Não existe razão única para a perpetuação de problemas sociais. Muitas variantes ajudam, o que dificulta identificar a raiz e o remédio eficaz para a cura.
Na “fabricação” desenfreada de filhos a qualquer custo, uma das mais complicadas é a glamourização do “ter filho” nas camadas sociais mais pobres e ter isso como sinônimo de felicidade plena.
Qualquer demonstração de infelicidade de quem não procriou é associada a essa falta, a esse vazio. O inverso é proporcionalmente verdadeiro: só é feliz plenamente quem tem filho.
É comum se ouvir que “agora estou plenamente realizada”, quando se constata uma gravidez, mesmo precoce, mesmo do décimo filho e dentro de uma situação de absoluta pobreza. Mesmo desempregados, sem um plano de saúde e até sem uma casa para morar não pesam na busca da felicidade épica.

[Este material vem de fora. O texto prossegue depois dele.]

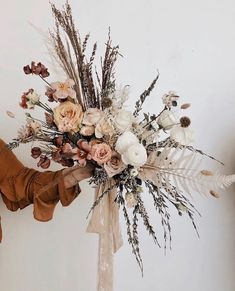 a woman holding a bouquet of flowers in front of a white wall with dried plants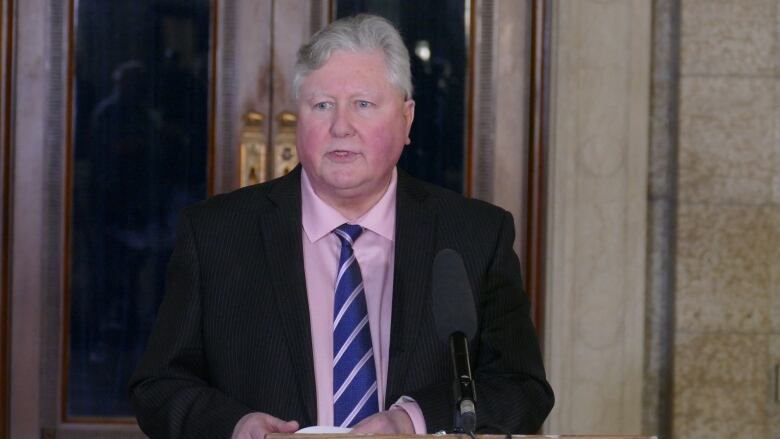 A man with a pink dress shirt stands in front of a microphone.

Se uma pessoa opta por viajar, frequentar restaurantes, parques de diversão, em vez de fazer mamadeira ou limpar cocô de criança, é vista como dissimulada. Afinal, como alguém pode fazer uma opção tão absurda dessas!
Não há nada de errado no fato de cada um fazer da sua vida o que bem entender. Erro está nas consequências posteriores. E a responsabilidade nunca é atribuída a quem deu causa. É sempre dos governos e da sociedade.
Um bom começo para barrar essa “fabricação” de filhos seria quebrar a glamourização inconsequente, mencionar a trabalheira e dor de cabeça que filhos trazem e jamais difundir a ideia de que só é feliz quem tem filho.